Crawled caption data
[Start of section]

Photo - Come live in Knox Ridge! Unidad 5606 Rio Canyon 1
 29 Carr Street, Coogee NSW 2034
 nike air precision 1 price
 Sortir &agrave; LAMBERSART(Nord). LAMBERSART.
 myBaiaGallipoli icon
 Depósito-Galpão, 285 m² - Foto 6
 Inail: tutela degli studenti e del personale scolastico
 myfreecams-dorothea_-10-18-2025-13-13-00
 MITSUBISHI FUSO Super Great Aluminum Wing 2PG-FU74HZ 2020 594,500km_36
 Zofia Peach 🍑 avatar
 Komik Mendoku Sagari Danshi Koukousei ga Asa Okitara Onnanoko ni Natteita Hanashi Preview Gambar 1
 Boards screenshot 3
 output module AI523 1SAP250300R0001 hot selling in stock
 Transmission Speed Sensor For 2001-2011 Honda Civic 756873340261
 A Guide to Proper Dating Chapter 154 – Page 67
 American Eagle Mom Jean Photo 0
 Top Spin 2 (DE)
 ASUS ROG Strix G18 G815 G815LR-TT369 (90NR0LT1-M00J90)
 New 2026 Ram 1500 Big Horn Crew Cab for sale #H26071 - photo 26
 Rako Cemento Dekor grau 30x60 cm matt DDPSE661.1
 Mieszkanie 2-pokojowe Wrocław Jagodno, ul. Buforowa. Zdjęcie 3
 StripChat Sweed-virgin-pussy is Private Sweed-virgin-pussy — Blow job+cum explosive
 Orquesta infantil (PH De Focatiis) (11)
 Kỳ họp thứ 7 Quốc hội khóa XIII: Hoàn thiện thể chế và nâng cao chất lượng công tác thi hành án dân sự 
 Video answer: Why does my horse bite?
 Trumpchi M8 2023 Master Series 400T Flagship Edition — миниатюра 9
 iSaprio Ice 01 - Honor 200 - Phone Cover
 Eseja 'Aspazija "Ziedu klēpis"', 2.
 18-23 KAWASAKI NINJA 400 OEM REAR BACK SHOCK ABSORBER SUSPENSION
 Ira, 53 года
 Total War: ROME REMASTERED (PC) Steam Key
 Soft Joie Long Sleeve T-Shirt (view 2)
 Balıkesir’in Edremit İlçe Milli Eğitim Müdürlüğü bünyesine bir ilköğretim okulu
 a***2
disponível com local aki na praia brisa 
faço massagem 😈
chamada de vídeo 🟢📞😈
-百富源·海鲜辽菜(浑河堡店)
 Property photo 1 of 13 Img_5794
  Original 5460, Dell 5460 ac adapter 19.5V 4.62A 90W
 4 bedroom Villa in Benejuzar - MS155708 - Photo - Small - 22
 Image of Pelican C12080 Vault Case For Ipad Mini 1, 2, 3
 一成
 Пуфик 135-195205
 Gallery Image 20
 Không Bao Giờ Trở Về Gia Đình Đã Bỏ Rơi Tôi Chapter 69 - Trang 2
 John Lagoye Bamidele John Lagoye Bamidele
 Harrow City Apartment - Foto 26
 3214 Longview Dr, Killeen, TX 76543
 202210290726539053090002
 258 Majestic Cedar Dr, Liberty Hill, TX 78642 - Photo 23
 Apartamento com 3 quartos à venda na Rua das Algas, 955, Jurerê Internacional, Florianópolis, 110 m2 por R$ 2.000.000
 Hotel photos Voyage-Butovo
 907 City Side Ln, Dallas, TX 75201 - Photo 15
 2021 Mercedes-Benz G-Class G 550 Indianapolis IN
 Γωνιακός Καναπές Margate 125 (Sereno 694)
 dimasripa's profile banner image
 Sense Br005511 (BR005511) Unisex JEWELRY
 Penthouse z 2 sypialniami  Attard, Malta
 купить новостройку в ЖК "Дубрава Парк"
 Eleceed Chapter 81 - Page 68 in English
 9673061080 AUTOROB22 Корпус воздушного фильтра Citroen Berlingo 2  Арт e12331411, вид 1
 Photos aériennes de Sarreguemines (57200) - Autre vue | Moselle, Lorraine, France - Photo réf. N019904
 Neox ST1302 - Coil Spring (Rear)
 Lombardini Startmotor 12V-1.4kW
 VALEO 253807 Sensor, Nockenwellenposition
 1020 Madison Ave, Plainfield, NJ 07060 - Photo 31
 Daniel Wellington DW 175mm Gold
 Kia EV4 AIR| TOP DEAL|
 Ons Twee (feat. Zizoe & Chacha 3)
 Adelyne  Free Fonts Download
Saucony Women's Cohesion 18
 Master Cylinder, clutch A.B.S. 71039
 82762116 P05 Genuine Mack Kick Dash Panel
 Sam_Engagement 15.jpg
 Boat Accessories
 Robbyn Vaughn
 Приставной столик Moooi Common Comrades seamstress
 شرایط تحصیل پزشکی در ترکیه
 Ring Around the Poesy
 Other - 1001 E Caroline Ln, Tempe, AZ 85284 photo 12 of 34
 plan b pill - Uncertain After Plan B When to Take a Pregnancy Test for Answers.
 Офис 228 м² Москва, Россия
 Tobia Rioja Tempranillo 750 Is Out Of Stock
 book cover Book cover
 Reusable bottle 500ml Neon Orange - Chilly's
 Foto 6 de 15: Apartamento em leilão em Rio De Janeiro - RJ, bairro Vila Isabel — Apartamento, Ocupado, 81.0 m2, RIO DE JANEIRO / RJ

[End of section]

EXERCISE DETAILS:
Go to the line with "Soft Joie Long Sleeve T-Shirt (view 2)" in the entries above and repeat every line from there through the line with "907 City Side", exactly and with no other text.

SOLUTION TO THIS PROBLEM:
 Soft Joie Long Sleeve T-Shirt (view 2)
 Balıkesir’in Edremit İlçe Milli Eğitim Müdürlüğü bünyesine bir ilköğretim okulu
 a***2
disponível com local aki na praia brisa 
faço massagem 😈
chamada de vídeo 🟢📞😈
-百富源·海鲜辽菜(浑河堡店)
 Property photo 1 of 13 Img_5794
  Original 5460, Dell 5460 ac adapter 19.5V 4.62A 90W
 4 bedroom Villa in Benejuzar - MS155708 - Photo - Small - 22
 Image of Pelican C12080 Vault Case For Ipad Mini 1, 2, 3
 一成
 Пуфик 135-195205
 Gallery Image 20
 Không Bao Giờ Trở Về Gia Đình Đã Bỏ Rơi Tôi Chapter 69 - Trang 2
 John Lagoye Bamidele John Lagoye Bamidele
 Harrow City Apartment - Foto 26
 3214 Longview Dr, Killeen, TX 76543
 202210290726539053090002
 258 Majestic Cedar Dr, Liberty Hill, TX 78642 - Photo 23
 Apartamento com 3 quartos à venda na Rua das Algas, 955, Jurerê Internacional, Florianópolis, 110 m2 por R$ 2.000.000
 Hotel photos Voyage-Butovo
 907 City Side Ln, Dallas, TX 75201 - Photo 15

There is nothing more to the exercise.